QQ Plots

11 Sep 2019

Overview

Short and sweet, a QQ plot is used to check the normality of a given data distribution.

Their construction is pretty straight-forward. Essentially you:

(Borrowing visuals from StatQuest):

Sort your data and label each point as its own quantile (10th, 42nd, 99th, etc). Normalized data is your cleanest way to go here.

from IPython.display import Image
Image('../images/qq_data.PNG')

png

Then, using the quantiles from step (1), fire up your vanilla N ~ (0, 1) distribution, and sample the same quantiles from it

Image('../images/qq_theory.PNG')

png

Note: Because quantiles are a strictly ordinal measure (think median vs mean), comparing quantiles to quantiles across different distributions may very well yield inconsistent values.

Generating QQ Plots

For starters, we’ll download an interesting dataset using yellowbrick and ignore like 80% of it, lol

from yellowbrick.datasets import load_nfl

dataset = load_nfl(return_dataset=True)
df = dataset.to_dataframe()

The dataset describes overall Receiving stats for the 2018 season.

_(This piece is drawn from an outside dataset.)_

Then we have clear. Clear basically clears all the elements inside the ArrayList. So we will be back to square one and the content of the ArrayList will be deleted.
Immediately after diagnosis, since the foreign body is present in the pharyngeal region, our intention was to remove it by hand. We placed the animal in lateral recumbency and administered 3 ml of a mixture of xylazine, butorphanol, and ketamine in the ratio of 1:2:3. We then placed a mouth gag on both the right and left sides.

There’s a lot here.

df.head()

	Rk	Player	Id	Tm	Age	G	GS	Tgt	Rec	Ctch_Rate	...	FirstTeamAllPro	TE_pos	WR_pos
0	1	Michael Thomas	ThomMi05	NOR	25	16	16	147	125	0.850	...	1	0	1
1	2	Zach Ertz	ErtzZa00	PHI	28	16	16	156	116	0.744	...	0	1	0
2	3	DeAndre Hopkins	HopkDe00	HOU	26	16	16	163	115	0.706	...	1	0	1
3	4	Julio Jones	JoneJu02	ATL	29	16	16	170	113	0.665	...	0	0	1
4	5	Adam Thielen	ThieAd00	MIN	28	16	16	153	113	0.739	...	0	0	1

5 rows × 29 columns

For the sake of demonstration, let’s consider total yardage.

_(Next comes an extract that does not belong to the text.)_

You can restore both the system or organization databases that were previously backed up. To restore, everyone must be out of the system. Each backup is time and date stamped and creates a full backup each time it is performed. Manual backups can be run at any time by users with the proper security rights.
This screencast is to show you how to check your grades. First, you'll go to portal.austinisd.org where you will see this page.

This skewed distribution makes a ton of sense when you consider how many players don’t get a lot of touches during the season.

df['Yds'].hist();

png

Now we’ll fire up statsmodels.api, which has a really clean utility for generating QQ plots.

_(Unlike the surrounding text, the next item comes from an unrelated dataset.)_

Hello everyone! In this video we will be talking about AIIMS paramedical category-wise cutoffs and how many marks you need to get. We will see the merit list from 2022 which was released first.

Go figure this distribution isn’t very normal.

from statsmodels.api import qqplot

qqplot(df['Yds'], line='s');

png

The “Longest Reception” metric, on the other hand, looks a bit more palatable– what, because it has an inherent upper-bound at the length of a football field.

df['Lng'].hist();

png

Not perfect, but certainly normal-er!

qqplot(df['Lng'], line='s');

png

… but also runs into having a negative-yard-longest-reception?

fig = qqplot(df['Lng'])
fig.axes[0].set_xlim([-5, 0])
fig.axes[0].set_ylim([-20, 10]);

png

No, that’s accurate

df['Lng'].min()

-11

lol

df[df['Lng'] == -11]['Player']

492    Russell Wilson
Name: Player, dtype: object